**Input material**

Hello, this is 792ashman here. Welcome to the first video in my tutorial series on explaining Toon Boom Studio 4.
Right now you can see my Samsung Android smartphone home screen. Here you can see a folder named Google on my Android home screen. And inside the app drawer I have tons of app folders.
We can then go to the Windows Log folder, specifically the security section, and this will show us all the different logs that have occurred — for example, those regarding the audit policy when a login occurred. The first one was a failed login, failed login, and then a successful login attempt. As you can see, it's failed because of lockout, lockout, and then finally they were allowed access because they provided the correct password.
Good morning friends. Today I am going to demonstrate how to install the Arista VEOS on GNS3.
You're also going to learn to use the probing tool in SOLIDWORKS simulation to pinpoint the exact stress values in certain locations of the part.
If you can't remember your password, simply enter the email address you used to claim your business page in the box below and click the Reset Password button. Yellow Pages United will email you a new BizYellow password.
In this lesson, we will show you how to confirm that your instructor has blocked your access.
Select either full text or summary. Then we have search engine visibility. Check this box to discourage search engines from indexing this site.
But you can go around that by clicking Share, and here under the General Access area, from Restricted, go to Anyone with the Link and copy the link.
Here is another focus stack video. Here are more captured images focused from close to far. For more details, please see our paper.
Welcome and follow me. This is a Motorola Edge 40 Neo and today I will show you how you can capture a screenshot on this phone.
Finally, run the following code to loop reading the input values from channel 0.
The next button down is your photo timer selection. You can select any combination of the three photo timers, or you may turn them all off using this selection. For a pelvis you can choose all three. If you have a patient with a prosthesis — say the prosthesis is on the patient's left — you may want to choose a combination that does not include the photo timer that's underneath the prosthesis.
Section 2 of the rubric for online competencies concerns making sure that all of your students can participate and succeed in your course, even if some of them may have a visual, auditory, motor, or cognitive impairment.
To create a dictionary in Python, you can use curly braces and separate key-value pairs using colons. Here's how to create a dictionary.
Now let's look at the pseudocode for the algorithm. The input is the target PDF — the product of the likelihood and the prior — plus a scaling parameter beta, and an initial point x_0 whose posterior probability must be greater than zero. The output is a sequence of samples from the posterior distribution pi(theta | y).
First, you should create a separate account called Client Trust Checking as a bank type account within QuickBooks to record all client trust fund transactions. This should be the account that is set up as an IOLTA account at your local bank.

**What you need to do**
Please repeat all the records above exactly as they appear.

**Final answer**
Hello, this is 792ashman here. Welcome to the first video in my tutorial series on explaining Toon Boom Studio 4.
Right now you can see my Samsung Android smartphone home screen. Here you can see a folder named Google on my Android home screen. And inside the app drawer I have tons of app folders.
We can then go to the Windows Log folder, specifically the security section, and this will show us all the different logs that have occurred — for example, those regarding the audit policy when a login occurred. The first one was a failed login, failed login, and then a successful login attempt. As you can see, it's failed because of lockout, lockout, and then finally they were allowed access because they provided the correct password.
Good morning friends. Today I am going to demonstrate how to install the Arista VEOS on GNS3.
You're also going to learn to use the probing tool in SOLIDWORKS simulation to pinpoint the exact stress values in certain locations of the part.
If you can't remember your password, simply enter the email address you used to claim your business page in the box below and click the Reset Password button. Yellow Pages United will email you a new BizYellow password.
In this lesson, we will show you how to confirm that your instructor has blocked your access.
Select either full text or summary. Then we have search engine visibility. Check this box to discourage search engines from indexing this site.
But you can go around that by clicking Share, and here under the General Access area, from Restricted, go to Anyone with the Link and copy the link.
Here is another focus stack video. Here are more captured images focused from close to far. For more details, please see our paper.
Welcome and follow me. This is a Motorola Edge 40 Neo and today I will show you how you can capture a screenshot on this phone.
Finally, run the following code to loop reading the input values from channel 0.
The next button down is your photo timer selection. You can select any combination of the three photo timers, or you may turn them all off using this selection. For a pelvis you can choose all three. If you have a patient with a prosthesis — say the prosthesis is on the patient's left — you may want to choose a combination that does not include the photo timer that's underneath the prosthesis.
Section 2 of the rubric for online competencies concerns making sure that all of your students can participate and succeed in your course, even if some of them may have a visual, auditory, motor, or cognitive impairment.
To create a dictionary in Python, you can use curly braces and separate key-value pairs using colons. Here's how to create a dictionary.
Now let's look at the pseudocode for the algorithm. The input is the target PDF — the product of the likelihood and the prior — plus a scaling parameter beta, and an initial point x_0 whose posterior probability must be greater than zero. The output is a sequence of samples from the posterior distribution pi(theta | y).
First, you should create a separate account called Client Trust Checking as a bank type account within QuickBooks to record all client trust fund transactions. This should be the account that is set up as an IOLTA account at your local bank.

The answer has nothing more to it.